Der Dichter Christian Morgenstern hat recht, wenn er sagt: „Lachen und Lächeln sind Tor und Pforte, durch die viel Gutes in den Menschen hinein huschen kann.“

Man darf das Lächeln aber nicht verniedlichen. Lächeln kann wohl jeder, der Mensch ist, eine Kuh kann nicht lächeln. Doch nicht jedes Lächeln ist gleich! Wie das Herz, so das Lächeln. Das Lächeln ist die Widerspiegelung des Herzens.  

 

 

Dienstag, 9.11.2010

Das Lachen lässt die Dinge in eine andere Atmosphäre hinein tauchen. Probleme und Spannungen können in ein helles Licht eintauchen, wenn man in aller Natürlichkeit herzlich zu lachen weiß. Wer mitten in den größten Schwierigkeiten fähig eines entspannten Lachens ist, ist fähig, den meisten Problemen ihr Gewicht zu vermindern und sogar verschwinden zu lassen. Im Lachen verabsolutiert sich die Freude. Alles andere wird relativiert, Gegnerschaft entspannt sich, Fremdheit und Distanz weichen!

Der Theologe und Psychotherapeut Alfred Kirchmayr schreibt in der Zeitschrift Quart: „Bei Kindern ist das Lachen oft Ausdruck purer Lebensfreude. Deshalb lachen Kinder etwa 400 Mal am Tag, und Erwachsene kaum noch 20 Mal.“

Die Philosophie, die Wahrheit, die Realität, können grausam sein.
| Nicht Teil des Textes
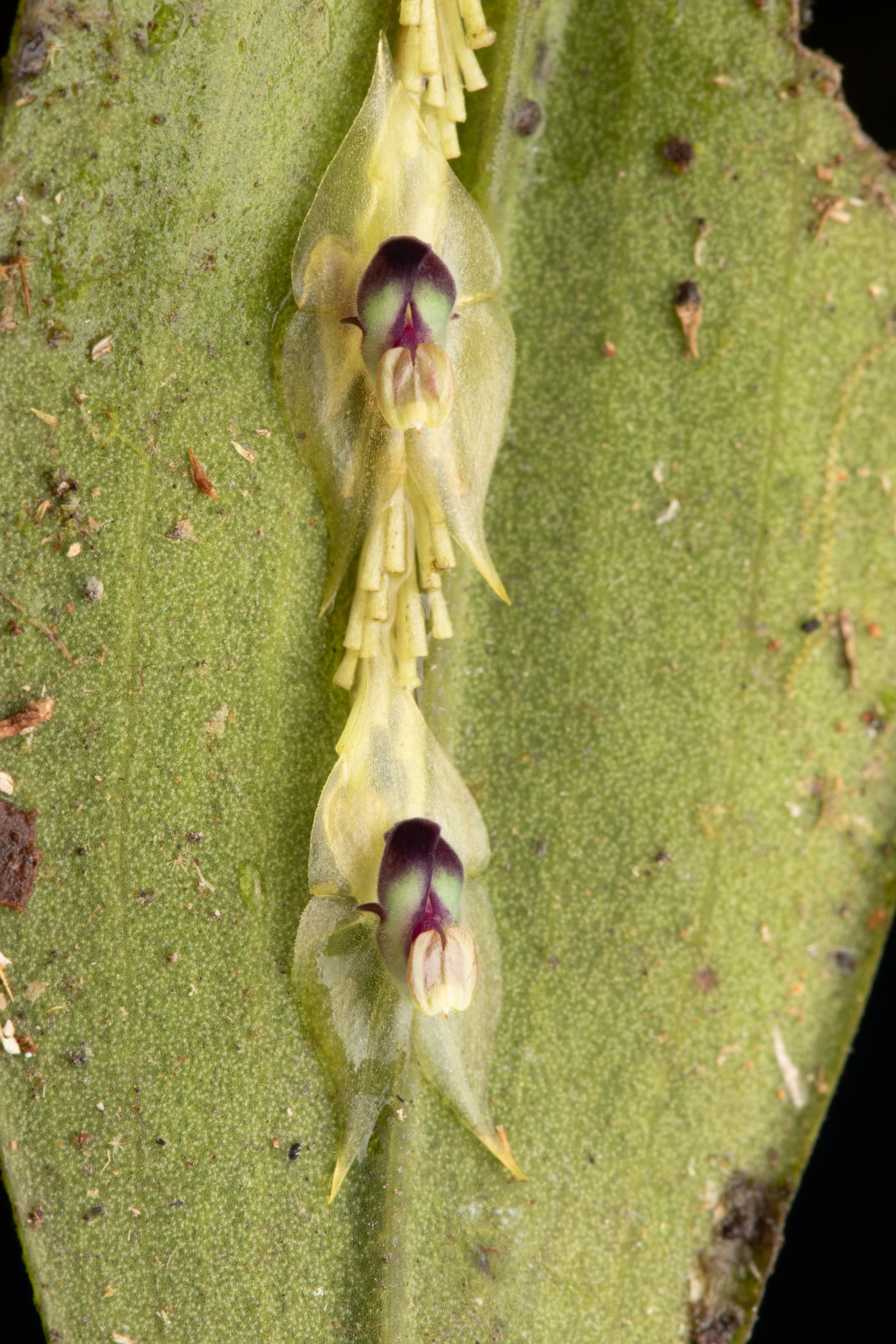 *Lepanthes agglutinata*, La Honda, 2025.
Die Menschheit hat im Lachen (im Humor, im Witz, im Kabarett) die Befreiung vom Unentrinnbaren gesucht und gefunden. Das Lachen ist die magische Kraft, um Leib und Seele gesund zu erhalten oder gesunden zu lassen.

 

 

Mittwoch, 10.11.2010

Carl Friedrich von Weizsäcker sagt von der Freiheit, dass sie ein Gut ist, „das durch Gebrauch wächst, durch Nichtgebrauch dahinschwindet“. Wie wahr! Alle Religionen sind am Anfang angetreten, der Menschheit Freiheit und Frieden zu bringen. Sehr bald haben die „Verantwortlichen“ - die Bosse - in den Religionen so viel Macht erhalten oder sich selbst angeeignet, dass sie - wie alle Mächtigen - in den Krieg gezogen sind. „Die Furchen der Welt sind mit Blut getränkt, das man im Namen Gottes vergossen hat“ (so hat ein bekannter Historiker, Taltavull, gesagt).

Wie eine notwendige Umstellung des Religiösen hört sich das befreiende Wort Christi an: „Der Sabbat ist für den Menschen da - und nicht der Mensch für den Sabbat“. Im Klartext: Die Religion ist für den Menschen da - und nicht der Mensch für die Religion. Ja! Sogar Gott ist für den Menschen da, und nicht der Mensch für Gott - in der Hinsicht, dass Gott ohne den Menschen auskommt, aber der Mensch ohne Gott nicht auskommt.

In Anlehnung an das Wort Christi über den Sabbat können wir weiter formulieren:

Das Geld ist für den Menschen da – und nicht der Mensch für das Geld. Die Kirche ist für den Menschen da – und nicht der Mensch für die Kirche.

 

 

Donnerstag, 11.11.2010

Der große Philosoph und Theologe Thomas von Aquin schreibt das treffende Wort: „Ein vernunftbegabtes Wesen kann nicht nicht glücklich sein wollen“ (Contra Gent. Kap. 92)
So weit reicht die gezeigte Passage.